- _EXERCISE INSTRUCTIONS_
Write out the entries exactly. None of the pictures should appear in the copy.

Segment Start: RECORDS SHOWN

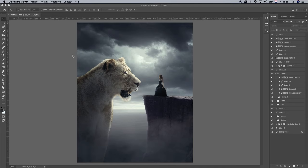In this video I'm going to show you how to create this composition. You will learn how to create shadows, blend images together, edit the colors and create your own version of it.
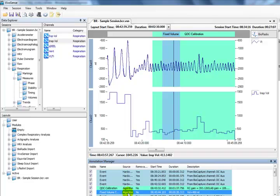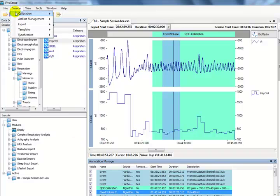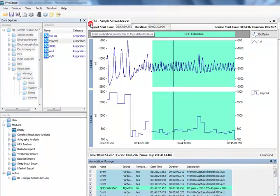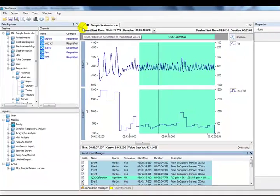The FV calibration can be reset by going to the Session menu, Calibration, Respiration, Reset, FVC.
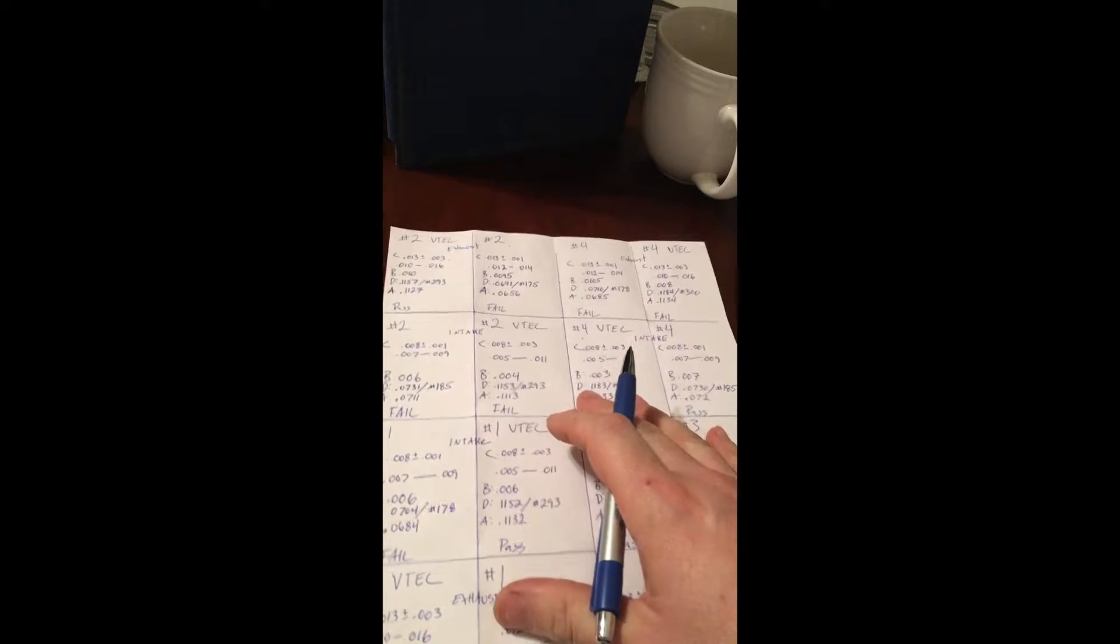I did this layout for a VFR 800. It's a 16-valve VTEC 4-cylinder bike. There's a lot going on, but it's the same thing over and over again.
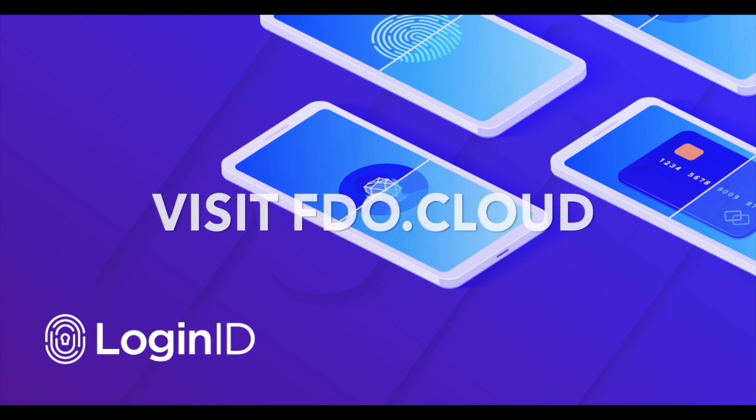We hope that you enjoyed this demonstration. If you would like to learn more about FIDO Device Onboarding, please visit fdo.cloud.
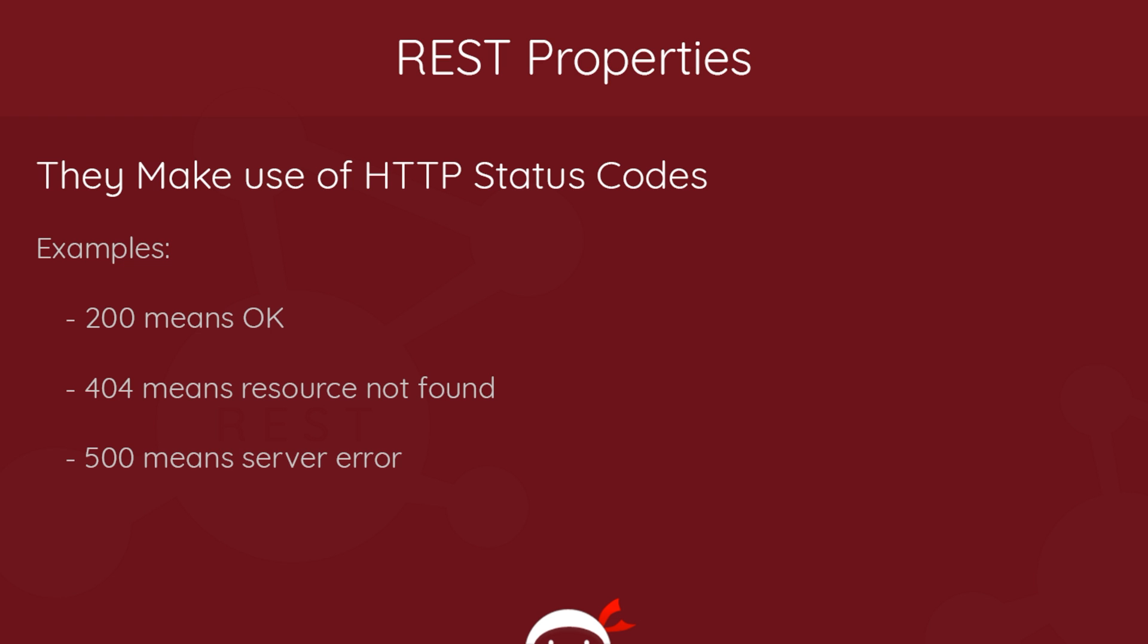The next property is that they make use of HTTP status codes. For example, 200 means everything was okay. 404, you probably see that when you go to a page and you can't reach it, that means the resource is not found. 500 means there's a server error. There's tons of different status codes and we're going to be using a few of these as we go along as well.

Segment End: RECORDS SHOWN

- _WRITTEN ANSWER_
In this video I'm going to show you how to create this composition. You will learn how to create shadows, blend images together, edit the colors and create your own version of it.
The FV calibration can be reset by going to the Session menu, Calibration, Respiration, Reset, FVC.
I did this layout for a VFR 800. It's a 16-valve VTEC 4-cylinder bike. There's a lot going on, but it's the same thing over and over again.
We hope that you enjoyed this demonstration. If you would like to learn more about FIDO Device Onboarding, please visit fdo.cloud.
The next property is that they make use of HTTP status codes. For example, 200 means everything was okay. 404, you probably see that when you go to a page and you can't reach it, that means the resource is not found. 500 means there's a server error. There's tons of different status codes and we're going to be using a few of these as we go along as well.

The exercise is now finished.